E-mails by math professor attract attention of students, GCC president, chancellor
Dia de le Raza, which is the same date as Columbus Day, is held throughout the Americas as a celebration of Hispanic heritage, bringing together all of its ethnic and cultural influences.
The emails contained such statements, as "It's time to acknowledge and celebrate the superiority of Western civilization" and "the half truths of…multiculturalism and diversity versus the full truth of its anti-Western, anti-Christian, anti-American and ultimately anti-White Marxist agenda."
"I found out about the emails because someone anonymously sent me an email." said Edgar Johnson, spokesperson for MEChA, "After I read one of them, it kind of got my blood boiling. When you distribute this type of material over the internet it creates a hostile environment."
In an interview with Kehowski, he explained, "I simply said, why are we hosting a blatantly racist event, when people are being crucified for the most innocuous comments, they seem to be getting away with this." Kehowski finds fault with the term "La Raza", he said, "Because La Raza doesn't mean me and it doesn't mean you. It's definitely a racist event and that's what I questioned."
However, Johnson says, "Our founding papers from the late 60's talk about "la Raza" and "revolution" but our revolution is in changing our ways. We are trying to reach out to the people, since we are college students, we want to tell them to come to the universities, don't drop out of high school. In addition, an economic revolution, to get out of government assistance, the best way for us is education. That is the kind of revolution we are talking about."
As for the term "La Raza" Johnson said, "When we talk about La Raza it means many things, it means our community, our brothers and sisters, our culture."
In the MEChA constitution last updated in 1987 there is no mention of "la Raza" or "revolution", only that its purpose is to develop unity among Chicano students.
But Kehowski is firm in his belief, "They are a product of 60's radicalism. In the political correctness certain groups end up being able to do things that would be forbidden, for example, by a white student to make such a statement."
When asked about other student organizations such as the Native American Student Association and the Lesbian, Gay, Bisexual, Transgender Academic Union, Kehowski responded, "They're a sign of the times, it's all Balkanization, it's a division along racial and ethnic lines that the assimilation ethic of decades ago really helped to erase."
In a news release sent out by Dr.
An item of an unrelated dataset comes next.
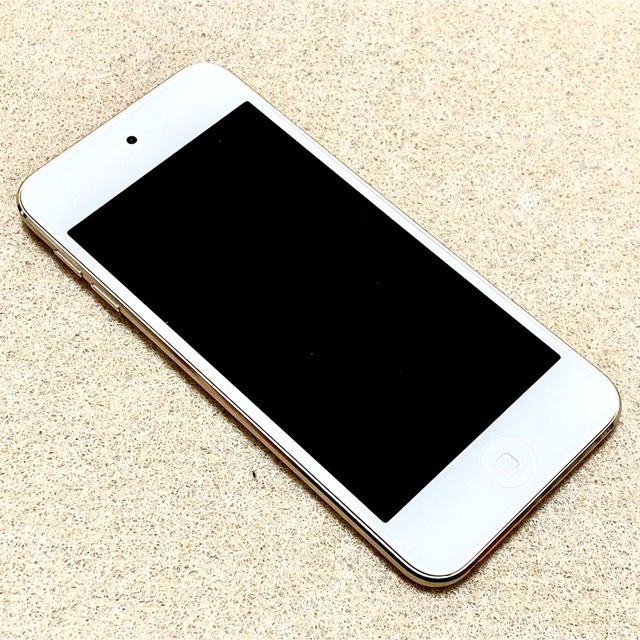 Apple(アップル)の❤️新品ケーブル付属❤️Apple iPod touch 第6世代 カメラ搭載 スマホ/家電/カメラのオーディオ機器(ポータブルプレーヤー)の商品写真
Rufus Glasper, Chancellor of MCCCD, he describes the emails as "insensitive" and "divisive" but states, "While the immediate response may be to demand that such thinking not be communicated throughout the district, such an action could seriously undermine our ability to promote true academic freedom."
In the MCCCD's Computing Resource Standards, the district states its "computing resources exist for Maricopa purposes-namely its educational, research, service, operational, and management purposes…Using computing resources for clearly personal-and non-Maricopa purposes would be an improper use of those resources." But it also states that the district understands the need for academic freedom and exchange of opinions.
Trying to find the balance between free speech, academic freedom, and diversity is very difficult.
"If we violate our own district policy and curtail this one person's free speech we curtail our own," said George Martinez, Director of College Advancement Services. "The more we have open dialog the better…If there is an infraction of policy then that is dealt with appropriately at the college level."
As for MEChA's plan of action, "We need to think this through and make sure this is happening in a correct way. We are planning to write a letter to him, to his supervisors, going up the chain of command, requesting an apology," said Johnson. "I don't agree with what he says, but I cannot wish him any harm, so we don't want him to get fired."